Q&A
TWU representative discusses balancing labor interests with commuter van services
0:35:52
·
127 sec
Alexander Kemp, representing TWU Local 100, responds to the council member's questions, emphasizing the need to balance labor interests with the operation of commuter vans. He highlights the interconnected nature of transit systems and the potential impacts on public transit workers.

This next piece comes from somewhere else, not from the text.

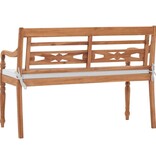 VidaXL Bank Batavia met kussens 120 cm teakhout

- Stresses the importance of not condemning any citizen's opportunity to thrive in a capitalist society
- Expresses concerns about reducing public transit service and the consequences for workers
- Suggests that commuter vans might be seen as a supplement to, rather than a solution for, addressing issues in the transit system
Alexander Kemp
0:35:52
I just wanna be very clear that from those same communities, as the gentleman next to me had spoken about, we all do or all part of a network, and that network is a community.
0:36:05
We're all in New Yorkers.
0:36:06
And and ultimately, I never want our position as labor to ever be condemning any citizen of New York, any minority, any culture that we would wanna suppress an opportunity in America, a capitalist society, that any business should thrive.
0:36:21
I have the opportunity to thrive.
0:36:23
But we do represent labor, and we do understand the nuances of reducing service and the consequences of what that means to the lives of the people that we represent.
0:36:32
So from the time after the stock market crashed, transit has cut service and never put that service back.
0:36:39
So that issue which never being addressed by adding another mechanism to reduce more service or take away the means of fixing a broken system, how do we ever address the system that's broken by just adding mandates to it and not to suggest that the dollar bands are a band aid, but it's almost a supplement to not actually addressing what the ultimate issue is with transit.
0:37:03
So where we have one component of it where We went from 5 minute headways, a 10 minute headways to now 15:30 minutes in the bus redesign.
0:37:12
Are they addressing where dollar vans would fit at the end of a line where there was transit deserts?
0:37:17
A lot of these components are meant to actually reduce service and actually cut running time, which affects the drivers, but nobody's considering how it affects the lives of the people who are trying to buy houses, who can't afford to live in New York, who can't afford to pay rent, and we're civil servants.
0:37:31
So that that is one of the issues not directly pertaining to them, but a byproduct of something that is inconsequential to where we're all we're trying to get.
0:37:40
Right?
0:37:40
A better transit system.
0:37:41
So we are interconnected, but sometimes these bills, these sponsored bills can separate us.
0:37:46
I just wanna make sure that's not where we're heading to.
Selvena N. Brooks-Powers
0:37:49
No.
0:37:49
And I appreciate that.
0:37:50
And after Mister Morrison, Lewis, if you can also respond to the question as well.
0:37:55
I'm sorry.
0:37:56
I have to keep looking at the screen to decide.